[Extracted information]:
+--
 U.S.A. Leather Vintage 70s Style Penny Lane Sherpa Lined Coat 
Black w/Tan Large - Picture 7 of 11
+--
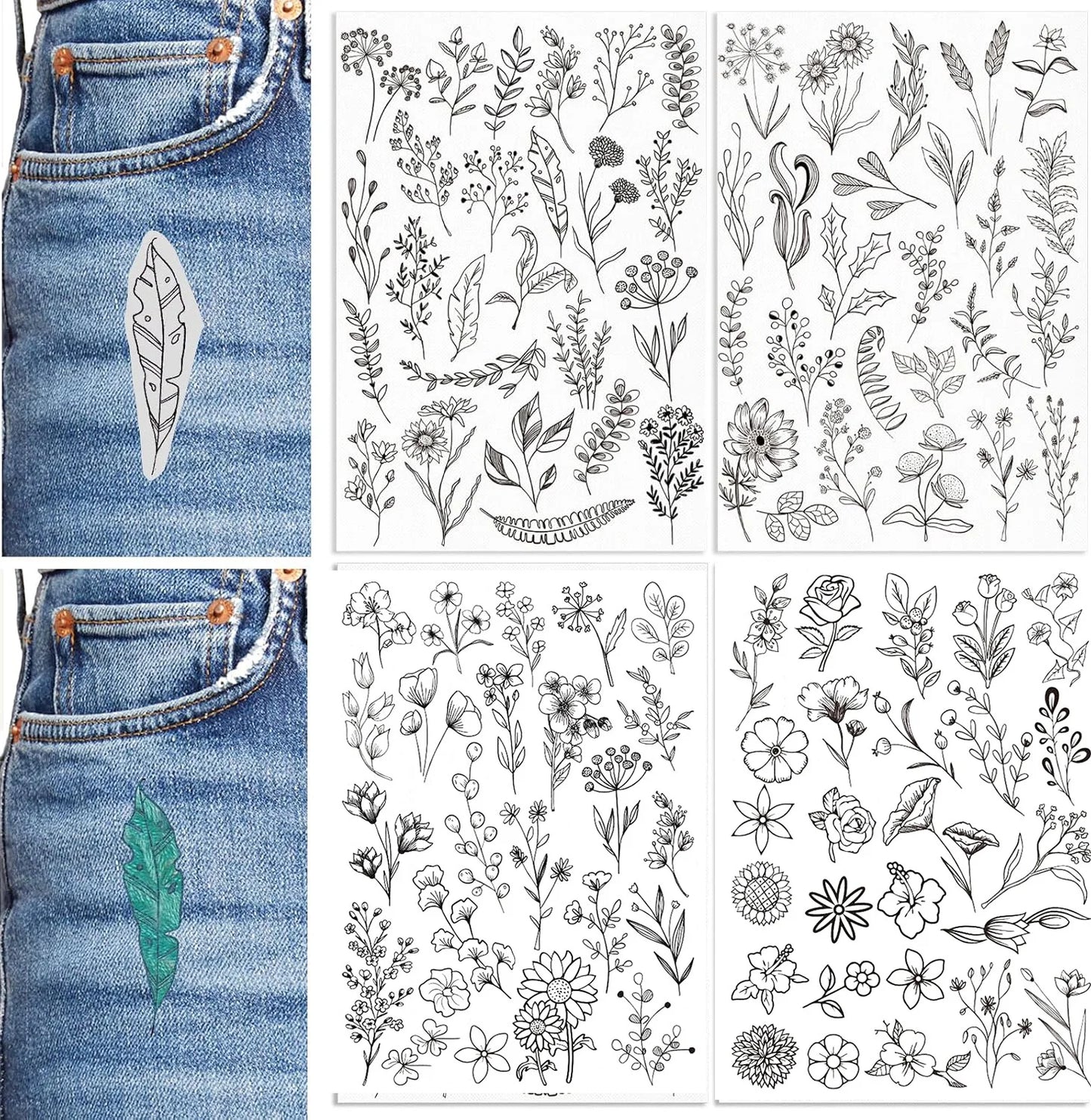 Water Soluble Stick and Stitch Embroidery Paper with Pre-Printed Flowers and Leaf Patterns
+--
[How to complete this task]: Reprint exactly the lines above that start at the one with "U.S.A. Leather Vintage" and end at the one with "Black w/Tan Large - Picture 7 of 11", keeping both and adding none.

[Task output]:
 U.S.A. Leather Vintage 70s Style Penny Lane Sherpa Lined Coat 
Black w/Tan Large - Picture 7 of 11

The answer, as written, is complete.